The input
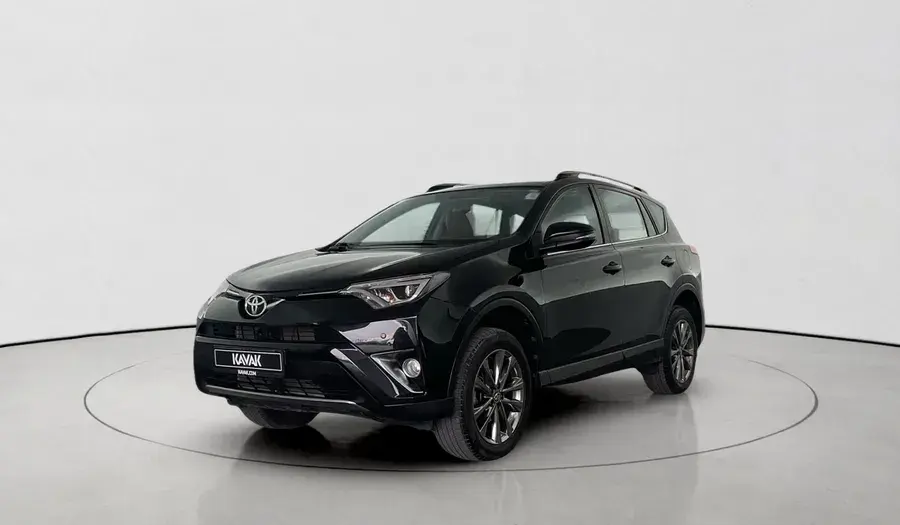 تويوتا راف ٤ 2018 2.5L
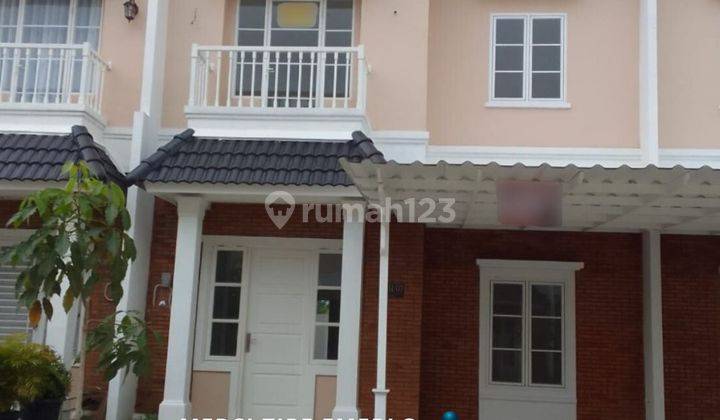 Sewa Murah Rumah Medan Resort City Tipe Emerlo Jalan Merci Raya 1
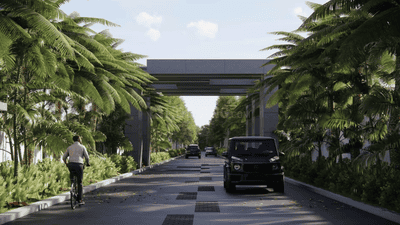 Project Image of 1123.75 - 2999.15 Sq.ft Residential Plot Plot for buy in Samudra Whispers Of The Sky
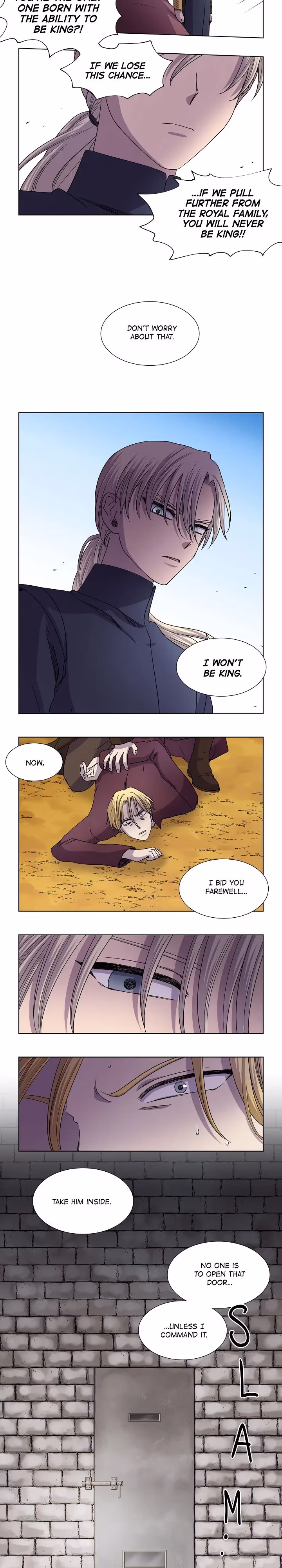 Read Light and Shadow chapter 78 image 5 on Lezhin
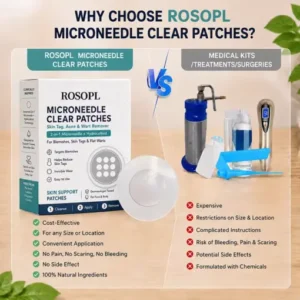 2-in-1 Microneedle & Hydrocolloid Patch - Image 4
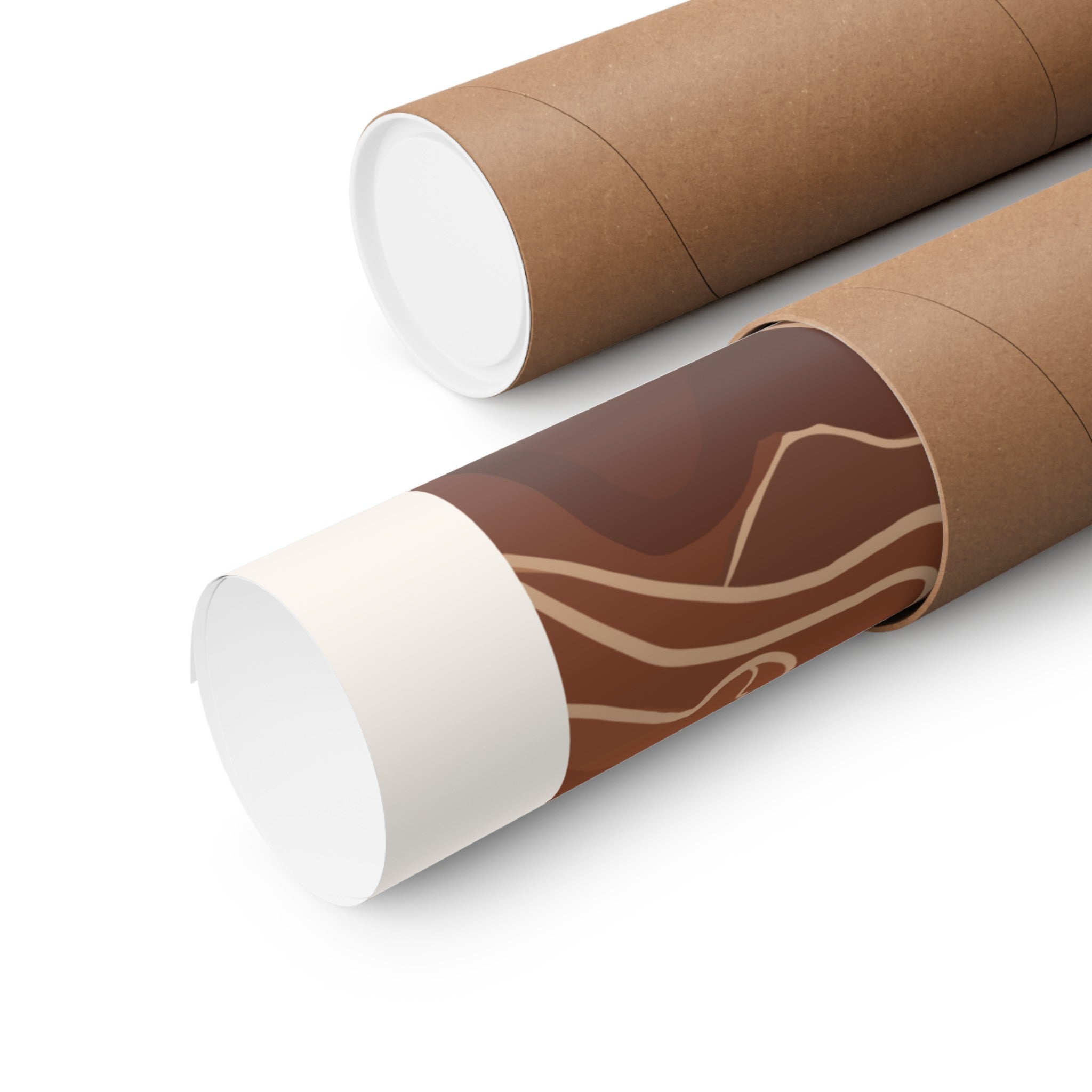 You Are Here for a Reason - Matte Vertical Posters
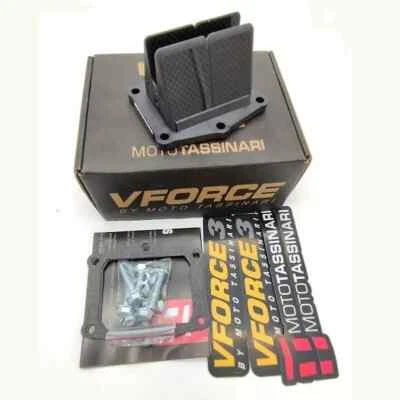 V Force3 Reed Valve For Honda ATC250R 81-1985 FL350R 1985 TRX250R 1986-1989 - Image 1 of 4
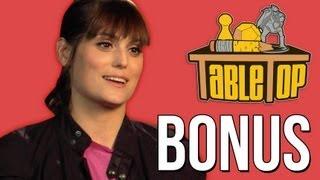 Morgan Webb extended interview from Pandemic - TableTop ep. 14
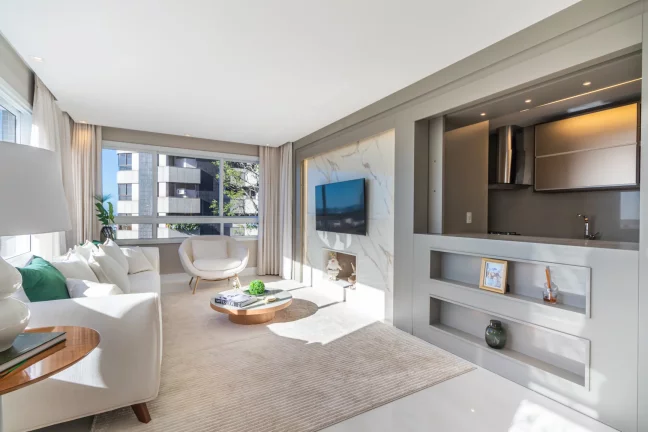 Imagem Apartamento com 3 quartos, 87,83m2, à venda em Porto Alegre, Santa Tereza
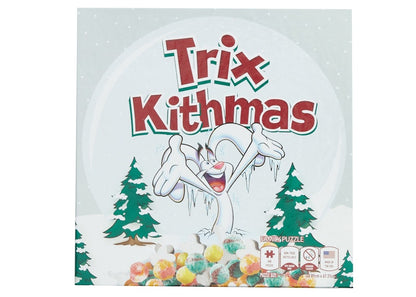 Kith Treats for Trix Puzzle (500 Pieces) Multi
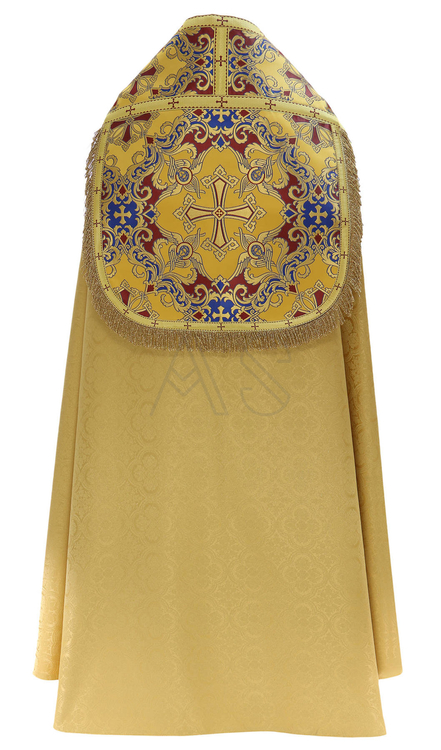 Römische Pluviale KT038-B25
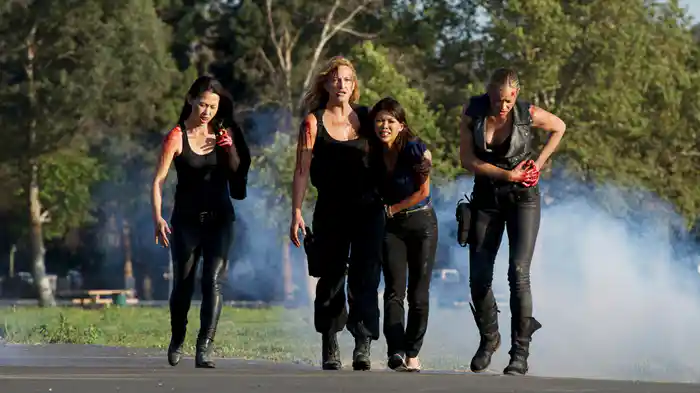 エクスペンダブル・レディズ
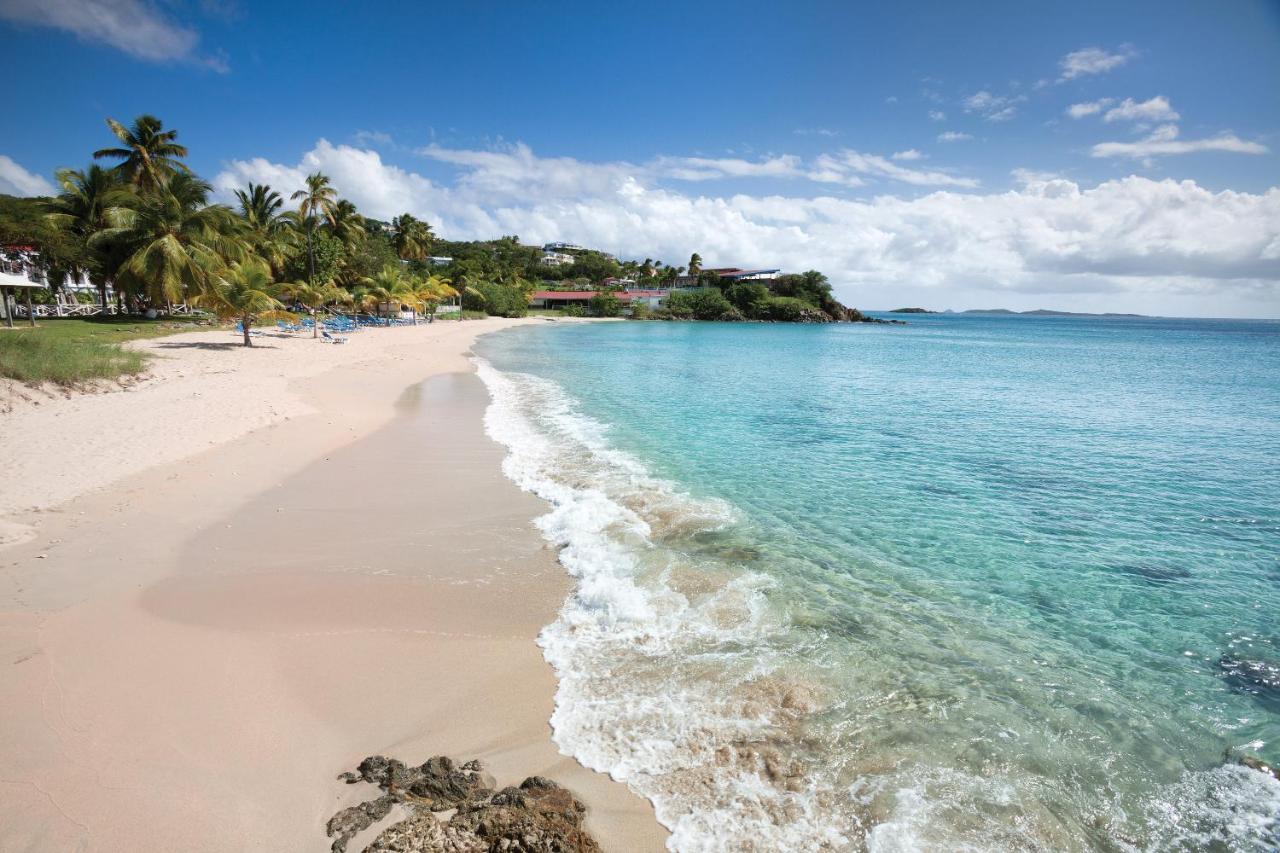 Limetree Beach Resort By Club Wyndham Bolongo Exteriör bild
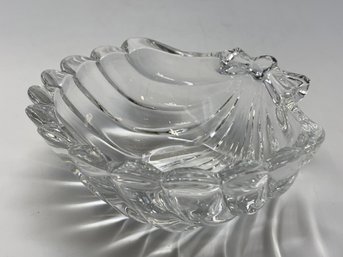 Waterford Marquis Shell Bowl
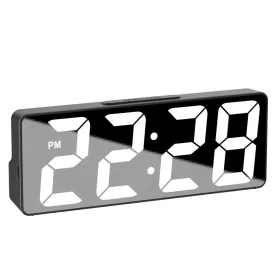 LED digitális ébresztőóra-5900217477716 1 kép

Required action
What is needed is a verbatim copy of the lines from the line with "Imagem Apartamento com" through the last line of the listing, pictures excluded.

Answer section
 Imagem Apartamento com 3 quartos, 87,83m2, à venda em Porto Alegre, Santa Tereza
 Kith Treats for Trix Puzzle (500 Pieces) Multi
 Römische Pluviale KT038-B25
 エクスペンダブル・レディズ
 Limetree Beach Resort By Club Wyndham Bolongo Exteriör bild
 Waterford Marquis Shell Bowl
 LED digitális ébresztőóra-5900217477716 1 kép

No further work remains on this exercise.